THE VIRGINIAN-PILOT

                         THE VIRGINIAN-PILOT
                 Copyright (c) 1994, Landmark Communications, Inc.

DATE: FRIDAY, June 17, 1994                    TAG: 9406170018 
SECTION: FRONT                     PAGE: A18    EDITION: FINAL  
SOURCE: Short 
DATELINE: 940617                                 LENGTH: 

ANOTHER LOOK AT RACISM

{LEAD} Maurice R. Mosby's letter (June 11) relates instances which he believes justify the assertion that racism still abounds in America. I pose the following questions:

1. Where would one find a white with a list of felonies on his record being awarded $3.8 million by a jury, as happened to Rodney King?

{REST} 2. Do elderly black women in general have to fear entering an elevator or going to other places because white hoodlums may assault them and then listen to excuses from a white leadership that the white hoodlums had been victims of black racism?

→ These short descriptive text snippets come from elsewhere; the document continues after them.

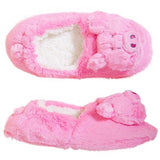 M&amp;amp;S Kids Percy Pig Slippers Size 6-13 Pink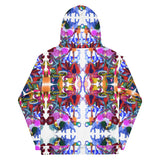 Printed unisex hoodie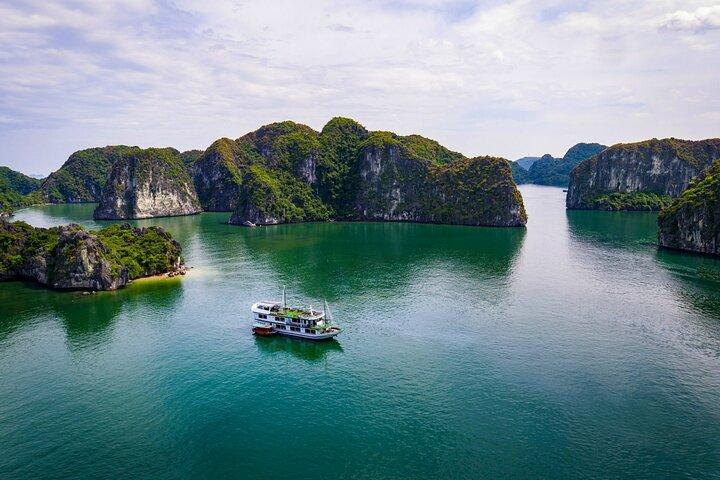 Da Ha Noi: Crociera di 3 giorni nella baia di Lan Ha, tour per piccoli gruppi di Ninh Binh
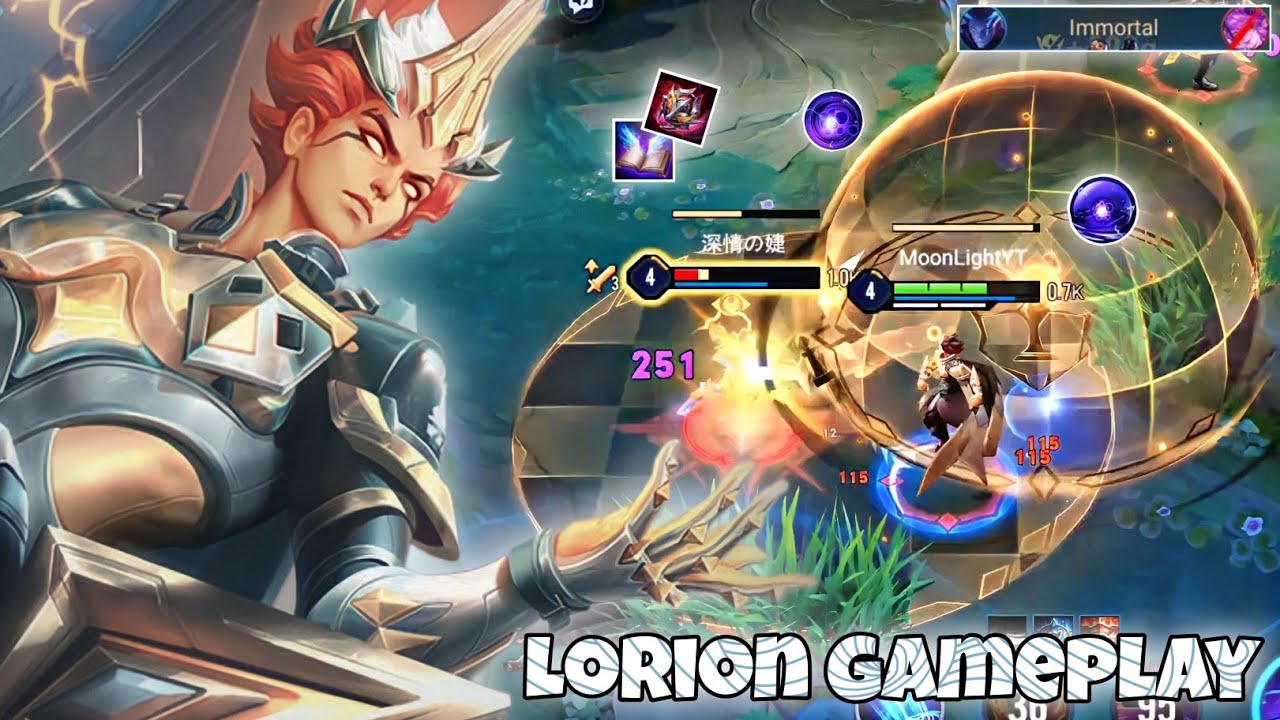 Lorion Mid Lane Pro Gameplay | Insane Carry 😳 | Arena of Valor Liên Quân mobile CoT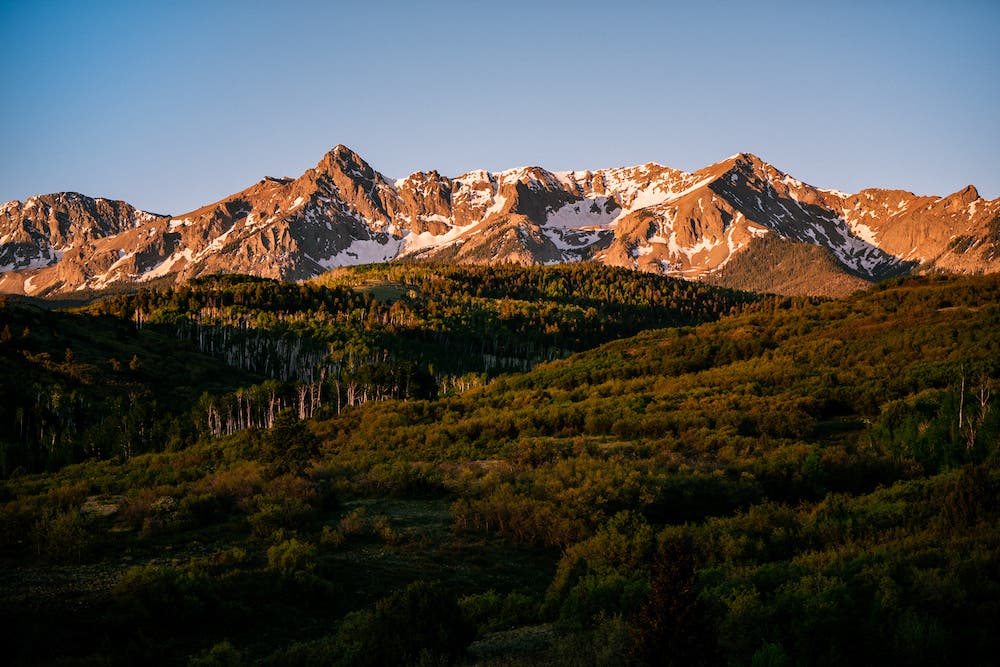 The San Juans Mountains (Colorado) Nathan Lee Allen mountain range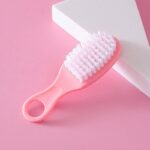 Baby Hair Comb and Brush Set - Pink - Image 3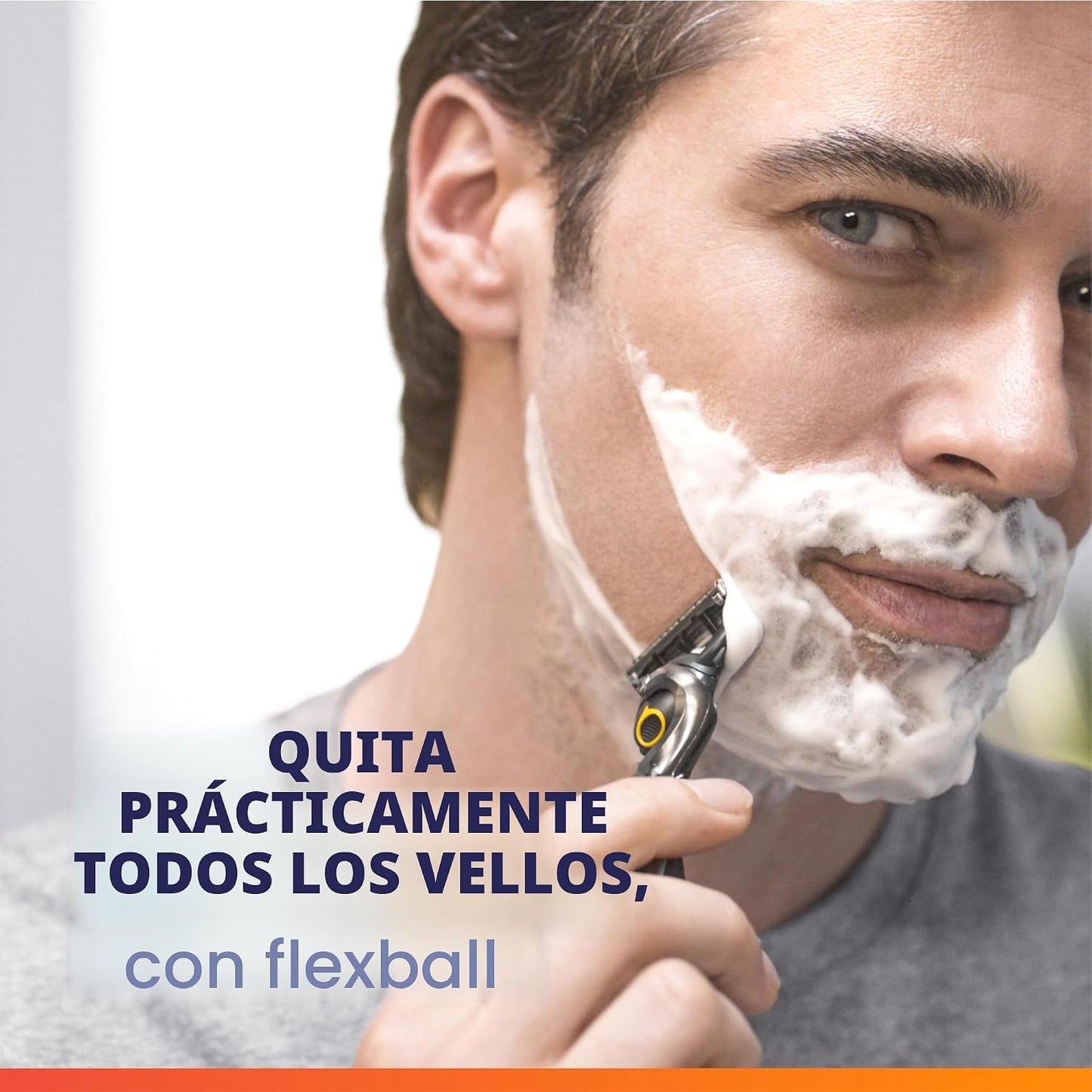 Gillette ProGlide Shield - Recambios de cuchillas de afeitar para h...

3. Where could a lone white congressman could bend a predominantly black Congress to his demands and will as Ron Dellums, a black, did in respect to sanctions against South Africa? Or tell me where one white freshman female senator would stand a chance of having a predominantly black U.S. Senate deny a black women's organization renewal of a patent for its logo, as Sen. Carole Moseley-Braun, a black, did to the Daughters of the Confederacy.

Like Bert Wetzel (``Racism? What racism?'' letter, May 29), I, too, have to ask from which direction does this racism and racial elitism originate?

As a white and also as a former Marine, I did not fight in two wars to have special rights given to any group or race at the expense of the rest of this nation, thereby creating a situation of racial elitism.